One evening, as she was, according to her custom, rambling round
about the courts and yards of the palace to see if she could smell any fresh
meat, she heard, in a ground room, little Day crying, for his mamma was going
to whip him, because he had been naughty; and she heard, at the same time, little
Morning begging pardon for her brother.
The ogress presently knew the voice of the queen and her children,
and being quite mad that she had been thus deceived, she commanded next morning,
by break of day (with a most horrible voice, which made everybody tremble),
that they should bring into the middle of the great court a large tub, which
she caused to be filled with toads, vipers, snakes, and all sorts of serpents,
in order to have thrown into it the queen and her children, the clerk of the
kitchen, his wife and maid; all whom she had given orders should be brought
thither with their hands tied behind them.
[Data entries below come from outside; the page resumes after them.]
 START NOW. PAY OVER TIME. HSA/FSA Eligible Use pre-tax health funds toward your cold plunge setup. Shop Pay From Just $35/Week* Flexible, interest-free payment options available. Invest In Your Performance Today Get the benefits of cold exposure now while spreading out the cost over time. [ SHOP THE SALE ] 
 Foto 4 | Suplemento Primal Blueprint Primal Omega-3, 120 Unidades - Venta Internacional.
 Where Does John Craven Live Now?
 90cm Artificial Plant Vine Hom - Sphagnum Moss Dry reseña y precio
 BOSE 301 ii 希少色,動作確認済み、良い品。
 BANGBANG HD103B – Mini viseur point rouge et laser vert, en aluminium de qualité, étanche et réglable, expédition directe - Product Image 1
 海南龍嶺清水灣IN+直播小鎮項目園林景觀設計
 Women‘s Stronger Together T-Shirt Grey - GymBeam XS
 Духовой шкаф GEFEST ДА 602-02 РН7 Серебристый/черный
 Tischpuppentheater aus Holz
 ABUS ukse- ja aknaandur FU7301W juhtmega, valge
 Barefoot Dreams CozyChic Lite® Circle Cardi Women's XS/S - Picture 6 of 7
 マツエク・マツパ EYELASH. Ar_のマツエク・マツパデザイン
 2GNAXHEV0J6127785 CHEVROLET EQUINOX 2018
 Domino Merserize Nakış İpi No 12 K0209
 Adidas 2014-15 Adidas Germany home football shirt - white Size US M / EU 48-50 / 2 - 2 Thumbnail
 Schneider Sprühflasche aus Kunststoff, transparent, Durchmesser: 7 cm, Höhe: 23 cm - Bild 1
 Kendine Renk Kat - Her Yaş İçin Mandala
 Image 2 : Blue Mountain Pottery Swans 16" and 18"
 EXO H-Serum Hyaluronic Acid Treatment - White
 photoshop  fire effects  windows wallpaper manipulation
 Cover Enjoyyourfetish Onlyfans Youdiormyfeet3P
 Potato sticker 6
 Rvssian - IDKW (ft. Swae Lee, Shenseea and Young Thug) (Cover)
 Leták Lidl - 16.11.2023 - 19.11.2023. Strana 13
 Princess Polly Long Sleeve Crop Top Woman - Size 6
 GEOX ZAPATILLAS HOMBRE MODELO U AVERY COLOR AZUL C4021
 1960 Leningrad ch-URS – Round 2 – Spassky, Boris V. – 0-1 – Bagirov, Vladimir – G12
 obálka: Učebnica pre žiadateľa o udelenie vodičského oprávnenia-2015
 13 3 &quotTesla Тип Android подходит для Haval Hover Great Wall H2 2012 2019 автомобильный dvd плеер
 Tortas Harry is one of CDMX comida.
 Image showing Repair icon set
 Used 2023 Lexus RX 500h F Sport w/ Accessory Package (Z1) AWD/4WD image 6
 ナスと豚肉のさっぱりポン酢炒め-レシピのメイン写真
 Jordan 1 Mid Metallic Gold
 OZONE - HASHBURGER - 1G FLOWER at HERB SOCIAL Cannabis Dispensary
They were brought out accordingly, and the executioners were just
going to throw them into the tub, when the king (who was not so soon expected)
entered the court on horseback (for he came post) and asked, with the utmost
astonishment, what was the meaning of that horrible spectacle.
No one dared to tell him, when the ogress, all enraged to
see what had happened, threw herself head foremost into the tub, and was instantly
devoured by the ugly creatures she had ordered to be thrown into it for others.
The king could not but be very sorry, for she was his mother; but he soon comforted
himself with his beautiful wife and his pretty children.
Many a girl has waited long
For a husband brave or strong;
But I'm sure I never met
Any sort of woman yet
Who could wait a hundred years,
Free from fretting, free from fears.
Now, our story seems to show
That a century or so,
Late or early, matters not;
True love comes by fairy-lot.
Some old folk will even say
It grows better by delay.
Yet this good advice, I fear,
Helps us neither there nor here.
Though philosophers may prate
How much wiser 'tis to wait,
Maids will be a sighing still --
Young blood must when young blood will!